::: Given records :::

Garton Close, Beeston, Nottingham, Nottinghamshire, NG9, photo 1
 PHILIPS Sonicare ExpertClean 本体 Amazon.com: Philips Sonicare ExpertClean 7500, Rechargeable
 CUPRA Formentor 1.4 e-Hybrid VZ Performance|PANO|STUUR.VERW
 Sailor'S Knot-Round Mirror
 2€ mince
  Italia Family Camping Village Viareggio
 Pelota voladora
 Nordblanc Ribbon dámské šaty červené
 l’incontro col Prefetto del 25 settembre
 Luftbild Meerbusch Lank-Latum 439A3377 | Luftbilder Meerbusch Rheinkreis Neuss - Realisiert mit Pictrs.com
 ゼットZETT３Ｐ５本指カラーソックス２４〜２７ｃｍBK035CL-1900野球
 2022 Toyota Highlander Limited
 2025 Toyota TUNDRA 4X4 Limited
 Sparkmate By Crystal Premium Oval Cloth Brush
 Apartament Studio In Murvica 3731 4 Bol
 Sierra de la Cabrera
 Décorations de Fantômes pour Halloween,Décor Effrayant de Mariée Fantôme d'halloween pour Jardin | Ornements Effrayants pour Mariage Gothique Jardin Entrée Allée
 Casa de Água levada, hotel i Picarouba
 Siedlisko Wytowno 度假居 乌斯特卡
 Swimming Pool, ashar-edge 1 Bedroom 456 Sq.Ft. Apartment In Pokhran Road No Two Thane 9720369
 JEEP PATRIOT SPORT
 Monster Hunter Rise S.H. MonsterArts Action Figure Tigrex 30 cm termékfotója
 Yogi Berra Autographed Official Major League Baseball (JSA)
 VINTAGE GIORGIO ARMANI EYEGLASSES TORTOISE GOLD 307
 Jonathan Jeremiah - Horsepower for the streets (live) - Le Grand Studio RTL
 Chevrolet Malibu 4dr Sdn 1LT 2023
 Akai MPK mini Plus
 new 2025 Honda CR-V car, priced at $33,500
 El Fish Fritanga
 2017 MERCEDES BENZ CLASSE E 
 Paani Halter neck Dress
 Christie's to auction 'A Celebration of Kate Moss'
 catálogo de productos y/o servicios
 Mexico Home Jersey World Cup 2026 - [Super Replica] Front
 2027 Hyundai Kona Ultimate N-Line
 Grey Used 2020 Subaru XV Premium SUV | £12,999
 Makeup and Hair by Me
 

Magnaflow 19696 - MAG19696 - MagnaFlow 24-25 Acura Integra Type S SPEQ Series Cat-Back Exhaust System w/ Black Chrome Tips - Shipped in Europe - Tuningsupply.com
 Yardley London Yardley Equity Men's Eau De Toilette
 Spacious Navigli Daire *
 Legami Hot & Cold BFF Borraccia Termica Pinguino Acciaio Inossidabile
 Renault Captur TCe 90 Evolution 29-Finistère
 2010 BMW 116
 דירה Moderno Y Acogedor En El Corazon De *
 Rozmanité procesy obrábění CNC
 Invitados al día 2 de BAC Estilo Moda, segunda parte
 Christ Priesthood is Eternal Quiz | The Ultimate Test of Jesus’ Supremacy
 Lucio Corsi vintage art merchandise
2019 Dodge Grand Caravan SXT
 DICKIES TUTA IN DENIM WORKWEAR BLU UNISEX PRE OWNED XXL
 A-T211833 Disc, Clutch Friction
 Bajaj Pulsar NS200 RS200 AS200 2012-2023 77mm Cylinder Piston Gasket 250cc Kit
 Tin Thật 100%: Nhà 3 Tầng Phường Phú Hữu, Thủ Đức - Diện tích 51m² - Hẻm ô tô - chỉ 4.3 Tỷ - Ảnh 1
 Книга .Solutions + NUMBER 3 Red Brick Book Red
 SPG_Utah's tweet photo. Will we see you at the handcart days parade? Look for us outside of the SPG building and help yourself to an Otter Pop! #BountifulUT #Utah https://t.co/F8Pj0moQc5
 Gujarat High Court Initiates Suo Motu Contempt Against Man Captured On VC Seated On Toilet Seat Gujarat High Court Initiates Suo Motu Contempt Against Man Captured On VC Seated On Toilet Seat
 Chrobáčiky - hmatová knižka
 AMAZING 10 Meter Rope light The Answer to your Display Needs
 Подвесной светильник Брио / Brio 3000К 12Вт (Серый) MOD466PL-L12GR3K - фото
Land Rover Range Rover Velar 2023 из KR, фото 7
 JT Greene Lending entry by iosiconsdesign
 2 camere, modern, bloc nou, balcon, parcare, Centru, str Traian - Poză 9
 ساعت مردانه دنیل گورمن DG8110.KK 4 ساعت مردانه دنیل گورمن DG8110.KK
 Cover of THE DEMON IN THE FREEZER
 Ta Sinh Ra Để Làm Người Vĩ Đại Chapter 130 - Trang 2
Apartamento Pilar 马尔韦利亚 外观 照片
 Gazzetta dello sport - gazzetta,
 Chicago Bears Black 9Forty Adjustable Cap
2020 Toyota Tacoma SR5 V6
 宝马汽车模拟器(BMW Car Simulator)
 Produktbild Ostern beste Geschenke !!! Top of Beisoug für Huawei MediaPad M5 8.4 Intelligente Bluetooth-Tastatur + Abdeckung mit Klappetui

:::

Task to carry out
From the line containing "Tin Thật 100%: Nhà" down to the last line of the records, transcribe every line exactly and add nothing else.

Finished task
 Tin Thật 100%: Nhà 3 Tầng Phường Phú Hữu, Thủ Đức - Diện tích 51m² - Hẻm ô tô - chỉ 4.3 Tỷ - Ảnh 1
 Книга .Solutions + NUMBER 3 Red Brick Book Red
 SPG_Utah's tweet photo. Will we see you at the handcart days parade? Look for us outside of the SPG building and help yourself to an Otter Pop! #BountifulUT #Utah https://t.co/F8Pj0moQc5
 Gujarat High Court Initiates Suo Motu Contempt Against Man Captured On VC Seated On Toilet Seat Gujarat High Court Initiates Suo Motu Contempt Against Man Captured On VC Seated On Toilet Seat
 Chrobáčiky - hmatová knižka
 AMAZING 10 Meter Rope light The Answer to your Display Needs
 Подвесной светильник Брио / Brio 3000К 12Вт (Серый) MOD466PL-L12GR3K - фото
Land Rover Range Rover Velar 2023 из KR, фото 7
 JT Greene Lending entry by iosiconsdesign
 2 camere, modern, bloc nou, balcon, parcare, Centru, str Traian - Poză 9
 ساعت مردانه دنیل گورمن DG8110.KK 4 ساعت مردانه دنیل گورمن DG8110.KK
 Cover of THE DEMON IN THE FREEZER
 Ta Sinh Ra Để Làm Người Vĩ Đại Chapter 130 - Trang 2
Apartamento Pilar 马尔韦利亚 外观 照片
 Gazzetta dello sport - gazzetta,
 Chicago Bears Black 9Forty Adjustable Cap
2020 Toyota Tacoma SR5 V6
 宝马汽车模拟器(BMW Car Simulator)
 Produktbild Ostern beste Geschenke !!! Top of Beisoug für Huawei MediaPad M5 8.4 Intelligente Bluetooth-Tastatur + Abdeckung mit Klappetui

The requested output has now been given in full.